2. They Have Dense Vectors
Word embeddings are dense vectors, meaning that all values are non-zero (except for the occasional element). Therefore, more information is given to the classification or clustering model, leading to better classification performances.
3. They Have a Constant Vector Size
With word embeddings, the vector size is no longer dependent on the number of documents in your corpus!
When training embedding models, the dimension of the word vector is a parameter of the model. You decide beforehand what vector size you need to represent each word. Pre-trained embeddings usually come in dimensions 50, 100, and 300.
4. Their Vector Representations are Absolute
Word embeddings are trained on gigantic datasets.
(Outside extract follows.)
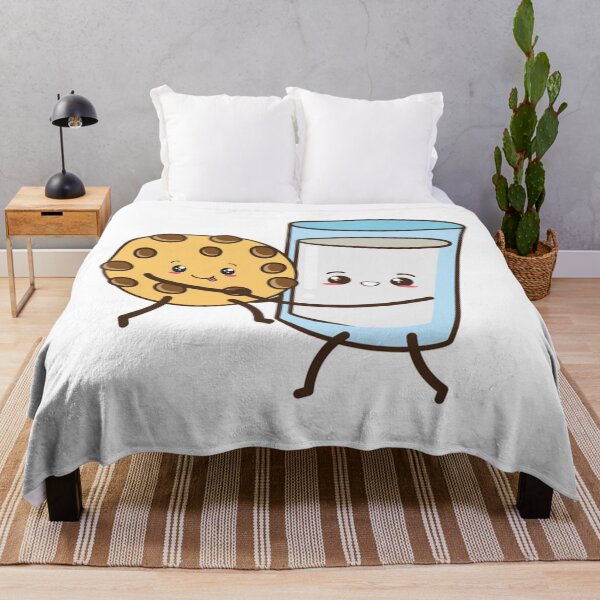 Item preview, Cute Milk and Cookie designed and sold by DIBUJOS2021.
Word2vec, for instance, was trained on a Google News dataset of 100 billion words, GloVe on a dataset of 6 billion words, and fastText on 16 billion tokens. As a direct consequence, these models have very large vector representations. Word2vec has 3 million vectors, GloVe has 400.000, and fastText has 1 million vectors.
5. They Have Multiple Embedding Models
Last but not least, you can download pre-trained models and use the word vectors directly. No need to generate them for each new corpus!
There are multiple types of pre-trained embedding models available online. A list is available on the gensim-data repository. Another powerful word embedding library is spaCy.
The main differences between the models are:
Their creation process: word2vec, GloVe and fastText are trained in different ways (we will explore this further in the next chapter).
The different vector sizes: these are arbitrarily set prior to training the model.
The nature of their training data and the vocabulary it holds.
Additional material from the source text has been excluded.